● **Exercise instructions**
Take the material below and extract the lines from the one with "Kiss Chacey Tactical" through the one with "Illustrator colina ／", word for word, without pictures.

● **The input**
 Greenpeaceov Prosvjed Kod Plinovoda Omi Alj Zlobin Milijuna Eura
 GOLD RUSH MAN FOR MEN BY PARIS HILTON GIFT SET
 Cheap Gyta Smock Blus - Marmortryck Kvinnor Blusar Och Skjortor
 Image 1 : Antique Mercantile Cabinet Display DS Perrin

...

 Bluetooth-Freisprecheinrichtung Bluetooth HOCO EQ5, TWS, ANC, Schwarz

---

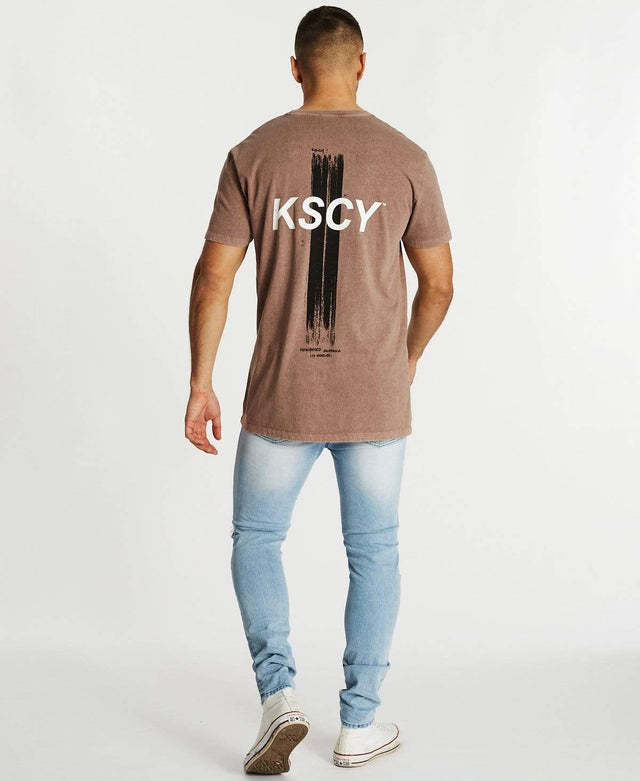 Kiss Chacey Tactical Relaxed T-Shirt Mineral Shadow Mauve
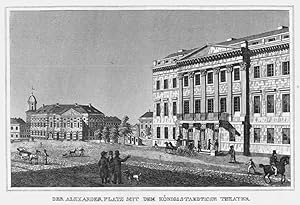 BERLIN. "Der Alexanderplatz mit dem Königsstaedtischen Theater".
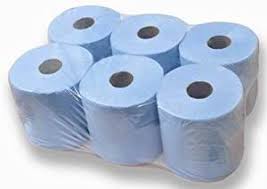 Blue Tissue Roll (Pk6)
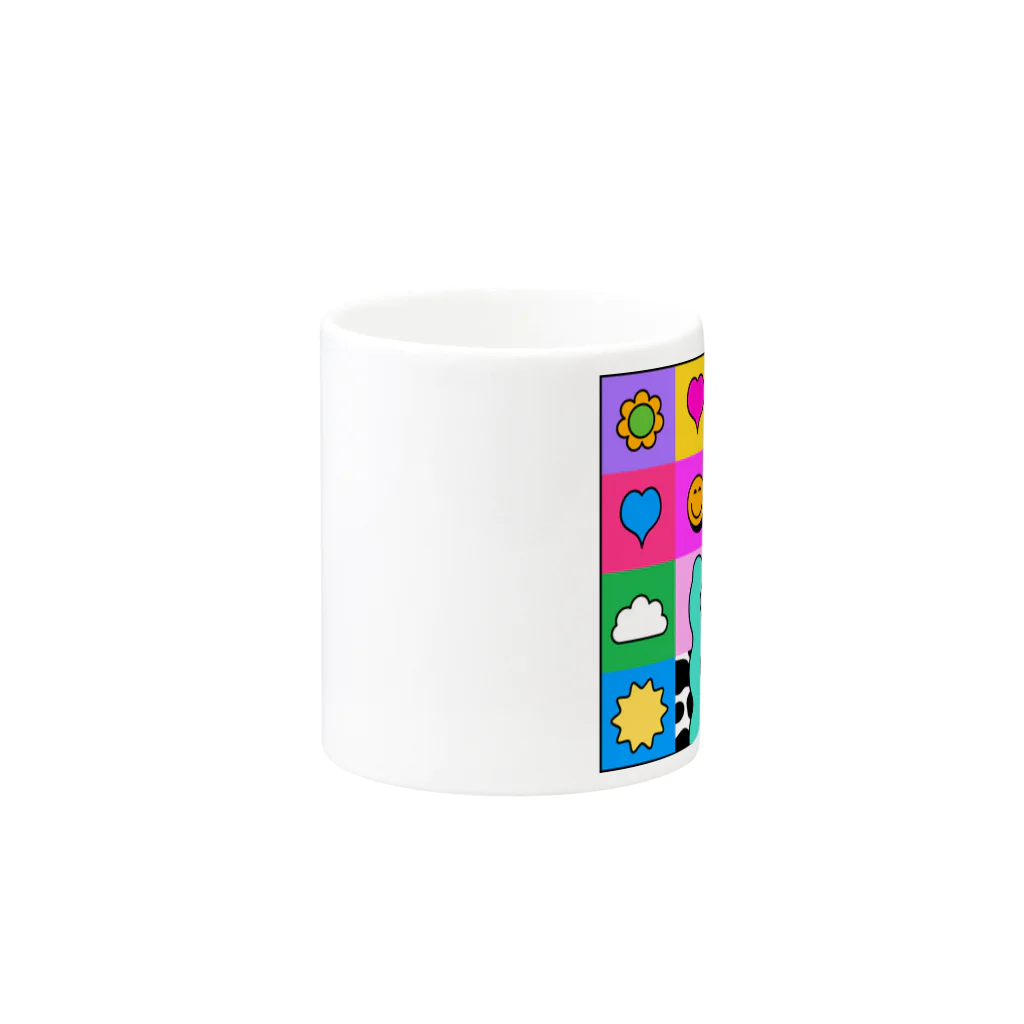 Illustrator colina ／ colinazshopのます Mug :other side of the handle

● **Result of the exercise**
 Kiss Chacey Tactical Relaxed T-Shirt Mineral Shadow Mauve
 BERLIN. "Der Alexanderplatz mit dem Königsstaedtischen Theater".
 Blue Tissue Roll (Pk6)
 Illustrator colina ／ colinazshopのます Mug :other side of the handle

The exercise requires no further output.